* _WORK TASK_:
Where the listing below has a line with "Soil (2Qt) Houseplant", write out exactly that line and every line after it, stopping after the line with "Natural Conditioner for".

* _STUDY MATERIAL_:
================================

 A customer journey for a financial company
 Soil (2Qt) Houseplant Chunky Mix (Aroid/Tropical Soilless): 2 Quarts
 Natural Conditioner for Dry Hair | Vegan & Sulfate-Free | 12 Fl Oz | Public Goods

================================

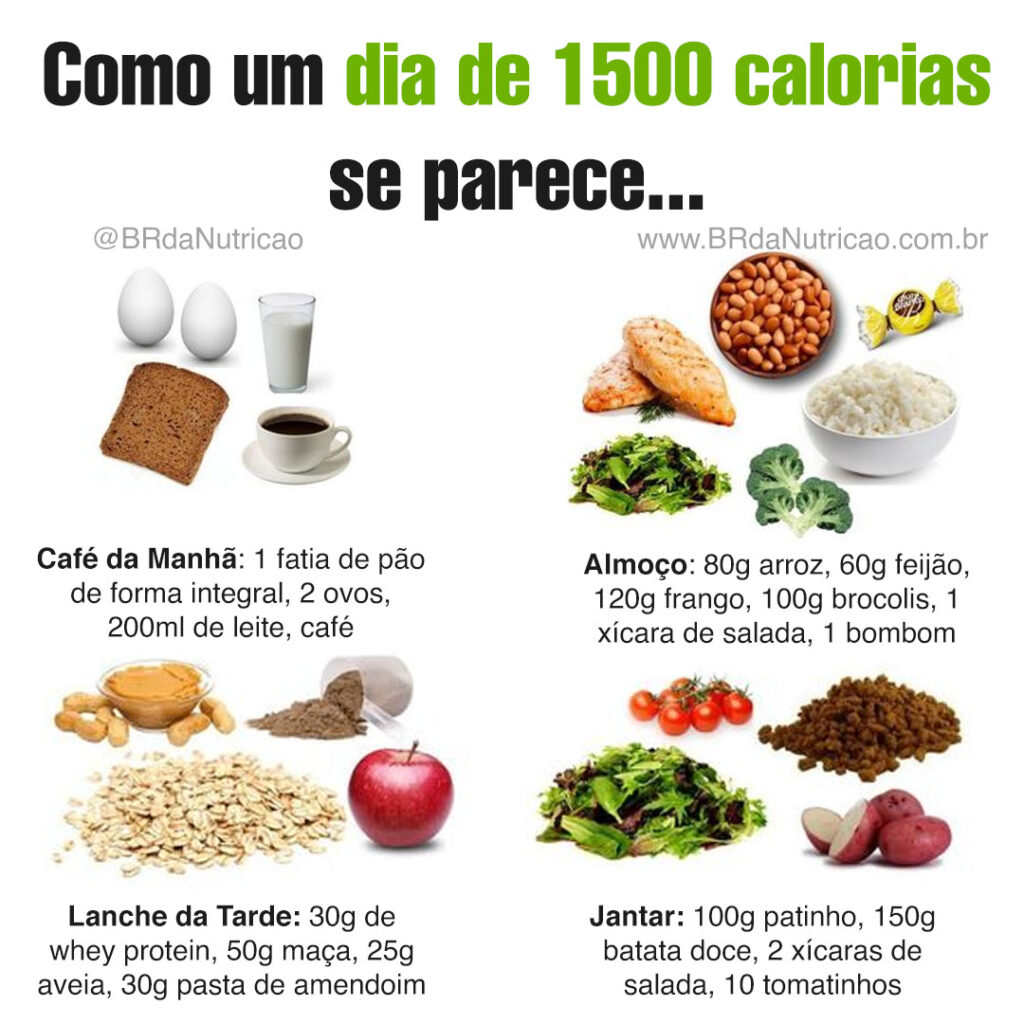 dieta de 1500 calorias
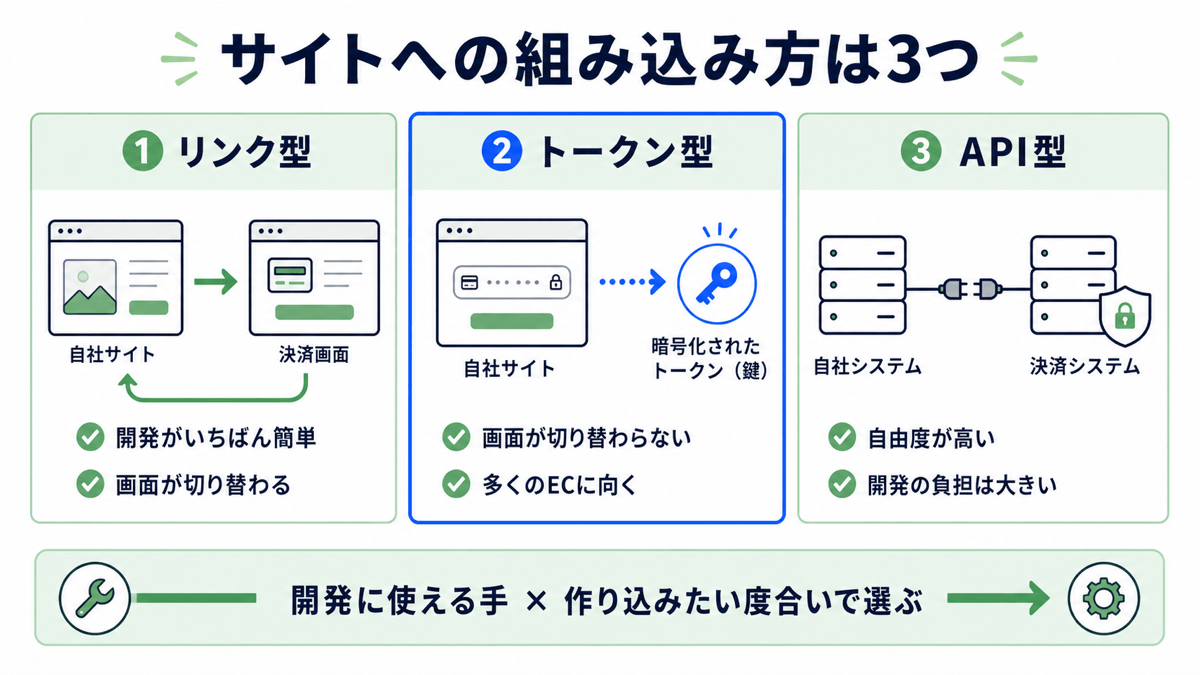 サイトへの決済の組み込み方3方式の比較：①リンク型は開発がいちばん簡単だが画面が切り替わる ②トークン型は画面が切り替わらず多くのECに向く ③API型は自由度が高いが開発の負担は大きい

================================

* _REPLY_:
 Soil (2Qt) Houseplant Chunky Mix (Aroid/Tropical Soilless): 2 Quarts
 Natural Conditioner for Dry Hair | Vegan & Sulfate-Free | 12 Fl Oz | Public Goods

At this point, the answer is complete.